## [To do]
Repeat the data that follows exactly, starting at the line with "Alt view image" and ending at the line with "Pagina da colorare di", and leave out every picture.

## [Exercise data]
------------

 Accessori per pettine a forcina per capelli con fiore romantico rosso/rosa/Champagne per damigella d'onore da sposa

------------

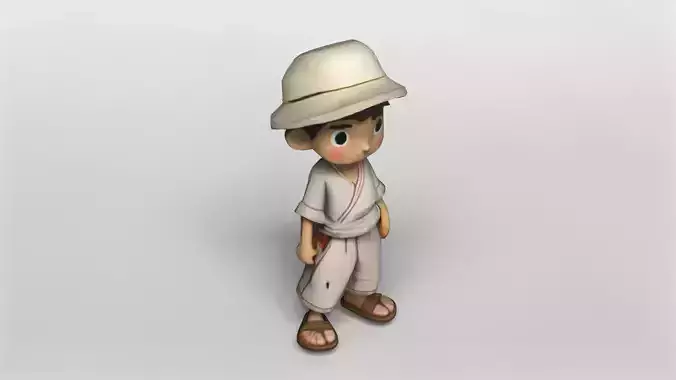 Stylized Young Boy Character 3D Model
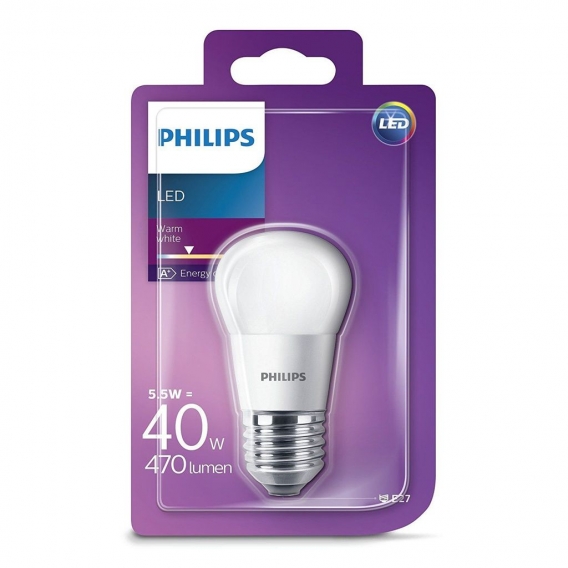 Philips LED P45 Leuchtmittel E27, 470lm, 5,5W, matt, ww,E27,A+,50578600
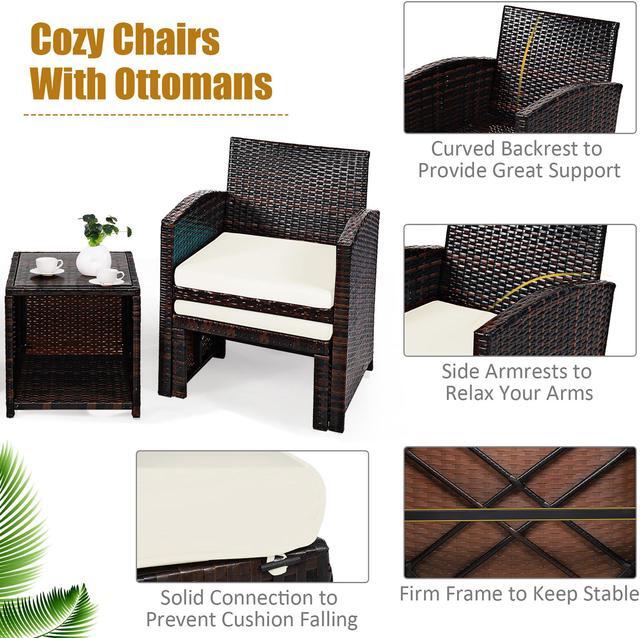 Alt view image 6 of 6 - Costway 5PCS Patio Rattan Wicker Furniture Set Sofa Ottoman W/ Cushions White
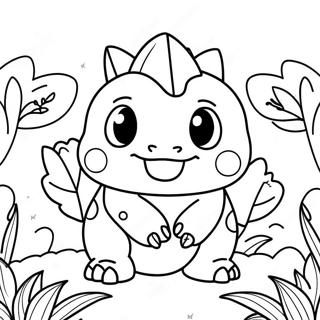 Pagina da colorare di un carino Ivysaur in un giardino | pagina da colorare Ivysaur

------------

## [Reply to the exercise]
 Alt view image 6 of 6 - Costway 5PCS Patio Rattan Wicker Furniture Set Sofa Ottoman W/ Cushions White
 Pagina da colorare di un carino Ivysaur in un giardino | pagina da colorare Ivysaur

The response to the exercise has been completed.